TimeMature

I started an internship at a local museum a few weeks ago.  It might be an effect of the Doctor Who kick I'm on lately, but I've started to think of museums as a kind of time travel, especially if they're historical museums.  Especially this museum; while most museums have either replicas of things the person had, or period pieces the person could have or might have had, everything short of the wallpaper, most of the drapes, and some of the carpets was owned by the family that lived in this house-turned-museum.  They really used the furniture, they really read the books, they really walked the floors.  Everything was theirs, and here it is.

Sometimes my older relatives will remark that they've had such-and-such an item for forty years, or that they haven't seen what's-her-name in over twenty years; a family friend likes to remark that something is old enough to vote.

I think it's partly on account of my age, but for me it's very difficult---but absolutely fascinating---to try and possibly fathom the age of things.  I have a hard time wrapping my head around the year 1990, and this was only two years before I was born.  But it's interesting to think about how old stuff is, and how it managed to get from the "there" of its time---be it 1980 or 2080 BCE---to the "here" of what we call 2011.

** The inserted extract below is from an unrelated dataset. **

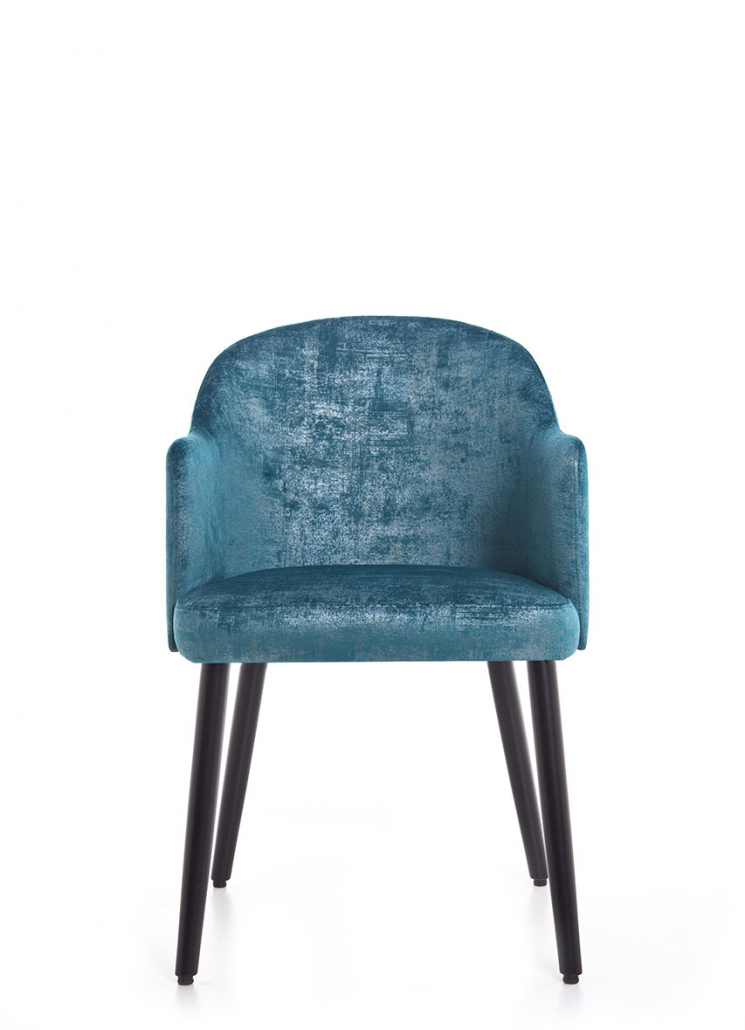 Caroline geschlossen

It's also odd to connect these things that belonged to a fairly famous family to the family itself.  You read about figures in history books and they become these sort of busts on pedestals, but they read books, wrote letters, played games with their kids, they did all these things that "regular" people do, and the people of "then" did similar things to what we the people of "now" do.  And for some reason that just blows my mind, and I love it.